| What you have to do |
Write out the lines starting at the one that holds "Skänk sonoma-ek 91x28x75 cm konstruerat trä" and ending with the final line of the data, exactly and with no others.

[Collected data entries]
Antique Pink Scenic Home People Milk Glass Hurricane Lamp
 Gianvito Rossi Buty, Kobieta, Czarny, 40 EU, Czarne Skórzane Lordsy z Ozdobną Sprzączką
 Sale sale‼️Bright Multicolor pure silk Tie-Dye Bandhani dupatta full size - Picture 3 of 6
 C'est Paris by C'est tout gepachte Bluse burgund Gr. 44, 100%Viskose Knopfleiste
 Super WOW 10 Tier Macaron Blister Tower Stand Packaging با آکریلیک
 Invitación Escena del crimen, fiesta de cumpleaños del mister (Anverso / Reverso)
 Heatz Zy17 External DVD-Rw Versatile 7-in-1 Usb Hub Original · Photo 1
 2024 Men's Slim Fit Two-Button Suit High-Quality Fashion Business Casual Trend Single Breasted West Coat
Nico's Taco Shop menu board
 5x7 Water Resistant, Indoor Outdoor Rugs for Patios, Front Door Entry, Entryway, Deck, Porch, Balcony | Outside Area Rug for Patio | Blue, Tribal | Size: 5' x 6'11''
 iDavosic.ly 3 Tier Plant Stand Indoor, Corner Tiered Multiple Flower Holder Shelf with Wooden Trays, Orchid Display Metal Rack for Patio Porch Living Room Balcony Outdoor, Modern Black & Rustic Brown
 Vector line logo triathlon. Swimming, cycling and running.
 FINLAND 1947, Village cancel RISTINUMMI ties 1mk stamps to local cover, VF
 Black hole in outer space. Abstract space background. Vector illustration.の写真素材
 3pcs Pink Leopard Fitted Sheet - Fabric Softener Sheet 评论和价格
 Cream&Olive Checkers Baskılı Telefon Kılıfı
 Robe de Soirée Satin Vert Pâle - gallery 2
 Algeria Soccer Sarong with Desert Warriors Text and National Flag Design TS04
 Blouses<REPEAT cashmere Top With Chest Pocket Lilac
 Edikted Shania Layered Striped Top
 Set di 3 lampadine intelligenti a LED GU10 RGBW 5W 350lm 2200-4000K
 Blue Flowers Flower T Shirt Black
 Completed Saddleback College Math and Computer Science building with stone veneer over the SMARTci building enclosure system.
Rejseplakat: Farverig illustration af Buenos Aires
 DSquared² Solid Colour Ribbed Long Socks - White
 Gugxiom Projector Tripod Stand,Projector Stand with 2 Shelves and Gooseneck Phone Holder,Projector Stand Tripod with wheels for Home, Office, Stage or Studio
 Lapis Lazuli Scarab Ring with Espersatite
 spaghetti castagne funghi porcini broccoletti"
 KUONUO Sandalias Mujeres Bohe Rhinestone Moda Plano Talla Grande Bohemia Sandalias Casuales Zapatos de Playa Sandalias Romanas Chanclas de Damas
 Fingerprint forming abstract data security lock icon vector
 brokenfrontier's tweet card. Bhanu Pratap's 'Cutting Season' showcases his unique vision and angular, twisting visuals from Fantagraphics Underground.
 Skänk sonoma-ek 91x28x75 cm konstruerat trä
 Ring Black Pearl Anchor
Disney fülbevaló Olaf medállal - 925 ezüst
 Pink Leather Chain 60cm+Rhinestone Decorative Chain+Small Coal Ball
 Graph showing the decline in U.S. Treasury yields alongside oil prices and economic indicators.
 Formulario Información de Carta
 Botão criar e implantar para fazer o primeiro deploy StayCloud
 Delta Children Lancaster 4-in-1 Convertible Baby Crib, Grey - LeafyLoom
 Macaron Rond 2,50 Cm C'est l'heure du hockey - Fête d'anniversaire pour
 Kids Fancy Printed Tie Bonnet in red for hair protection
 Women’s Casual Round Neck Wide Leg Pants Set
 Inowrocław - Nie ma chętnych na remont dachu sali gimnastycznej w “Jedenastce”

| Exercise response |
 Skänk sonoma-ek 91x28x75 cm konstruerat trä
 Ring Black Pearl Anchor
Disney fülbevaló Olaf medállal - 925 ezüst
 Pink Leather Chain 60cm+Rhinestone Decorative Chain+Small Coal Ball
 Graph showing the decline in U.S. Treasury yields alongside oil prices and economic indicators.
 Formulario Información de Carta
 Botão criar e implantar para fazer o primeiro deploy StayCloud
 Delta Children Lancaster 4-in-1 Convertible Baby Crib, Grey - LeafyLoom
 Macaron Rond 2,50 Cm C'est l'heure du hockey - Fête d'anniversaire pour
 Kids Fancy Printed Tie Bonnet in red for hair protection
 Women’s Casual Round Neck Wide Leg Pants Set
 Inowrocław - Nie ma chętnych na remont dachu sali gimnastycznej w “Jedenastce”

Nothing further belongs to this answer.